Figure 2. Comparative performance assessment of VIP-HESI and CS ion source setups using different injection amounts of undepleted mouse plasma samples.
a) Number of precursors and b) protein groups identified with different injection amounts of mouse plasma samples analyzed in duplicate with a 45-minute 40μl/min microflow gradient. The darker color bar represents common identification between the replicates whereas the two lighter color bars at the top represents exclusive precursors and proteins identified in each biological replicate at the different concentration measurements. Pearson correlation of precursor intensity values obtained from 7,074 and 6,387 precursors that were quantified in both replicates (r1 and r2) using c) VIP-HESI and d) CS source setups respectively. e) Distribution of the base peak widths in minutes of precursors identified for VIP-HESI 20 μg and CS 0.4 μg measurements estimated by Spectronaut. A median value of 0.16 (9.6s) and 0.14 (8.4s) peak widths were observed for VIP-HESI 20 μg and CS 0.4 μg injections, respectively. The first and third quartiles are marked by a box with a whisker marking a minimum/maximum value ranging to 0.6 interquartile and the median is depicted as a solid line. f) Distribution of data points per elution peak for the VIP-HESI 20 μg and CS 0.4 μg measurements estimated by Spectronaut. The first and third quartiles are marked by a box with a whisker marking a minimum/maximum value ranging to 3 interquartile and the median is depicted as a solid line.
Robust and quantitative analysis of hundreds of plasma proteomes by VIP-HESI source coupled with micro-flow liquid chromatography
To demonstrate the reproducible high-throughput application of VIP-HESI source, we analyzed 284 undepleted mouse plasma samples. Two consecutive blanks after each sample were injected for column washing purposes, and one quality control (QC) sample, K562 digested peptides, was acquired after every thirty-two plasma samples to assess the technical variation in instrument performance. In total there were 891 consecutive injections over the course of ~20 days in this experimental setup. Once established that the 20 μg of mouse plasma sample is the optimal amount for this setup from our earlier experiments (Fig. 2), we injected this amount for each sample using a 45-minute (3–35% ACN) HPLC gradient.

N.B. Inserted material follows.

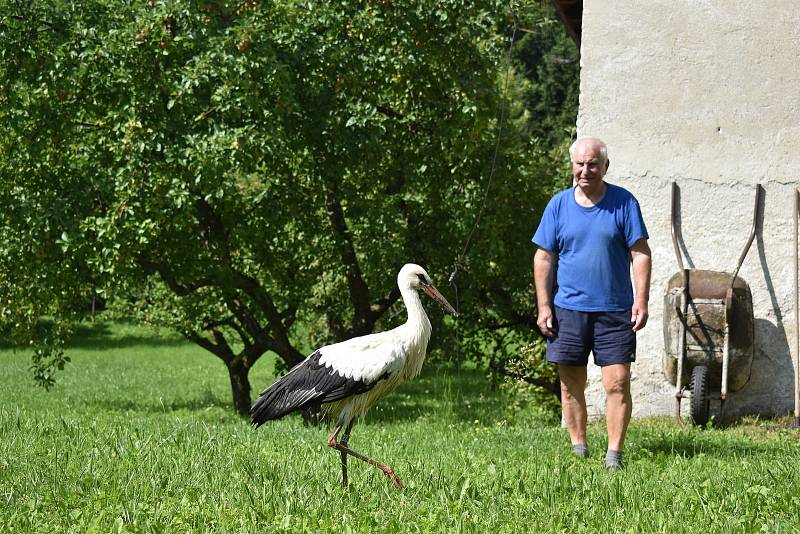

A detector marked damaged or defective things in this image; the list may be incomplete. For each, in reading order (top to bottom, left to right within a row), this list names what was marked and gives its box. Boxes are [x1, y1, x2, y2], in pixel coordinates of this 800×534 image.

cracked plaster wall [576, 0, 792, 422]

Large-scale dia-PASEF analysis with Spectronaut resulted in the identification of 17,628 precursors and 1,267 mouse plasma protein groups at <1% global protein FDR (Fig. 3a, and Supplementary Table 6). Overall, we observed similar identification of precursors (9,328–11,885) and proteins (850–1,067) across all the samples, signifying the stable performance of the micro-flow LC system (Fig. 3a). The retention times (RT) of the spiked in iRT peptides in 284 samples showed very high chromatographic reproducibility with median CV of 0.4% (Fig. 3b and 3c). In addition, we checked the stability of the instrument setup by estimating the variation in the nine K562 QC samples. With 2 μg of K562 sample injection using a 21 minute gradient (3–35% ACN) identified an average of 4541 ± 5 protein groups based on 50,657 ± 437 precursors, signifying robust qualitative performance observed across QC samples (Supplementary Figure 2 and Supplementary Table 7). Subsequently, we evaluated the quantitative precision between these QC technical replicates by estimating the coefficient of variation (CV) for the obtained protein quantities. The median CVs of the proteins quantified in nine technical replicates were below 10%, indicating an excellent reproducibility in quantitation across the whole experiment (891 injections) (Supplementary Figure 2 and Supplementary Table 7).

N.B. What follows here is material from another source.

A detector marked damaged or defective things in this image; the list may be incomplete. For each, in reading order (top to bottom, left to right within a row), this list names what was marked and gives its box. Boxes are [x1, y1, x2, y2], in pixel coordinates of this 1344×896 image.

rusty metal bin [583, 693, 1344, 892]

Figure 3. Large-scale quantitative analysis of undepleted mouse plasma samples using VIP-HESI coupled with microflow LC–MS/MS system.
a) Number of precursors (orange) and protein groups (blue) quantified with 284 mouse plasma samples analyzed in a 45-minute 40μl/min microflow gradient on Vanquish Neo HPLC coupled to Bruker timsTOF Pro. b) A retention time QC plot for 11 iRT peptides spiked in each sample. c) Distribution of coefficient of variation (CV) in retention time of iRT peptides across 284 samples and the median is depicted as a solid line. d) Distribution plot of raw (un-normalized) protein quantities estimated in dia-PASEF analysis for 284 undepleted mouse plasma samples. Log10 protein quantities are plotted on the y-axis, sample number on the x-axis. Overall, protein quantities were similar across all samples with good alignment of sample medians and distributions over the first and third quartiles.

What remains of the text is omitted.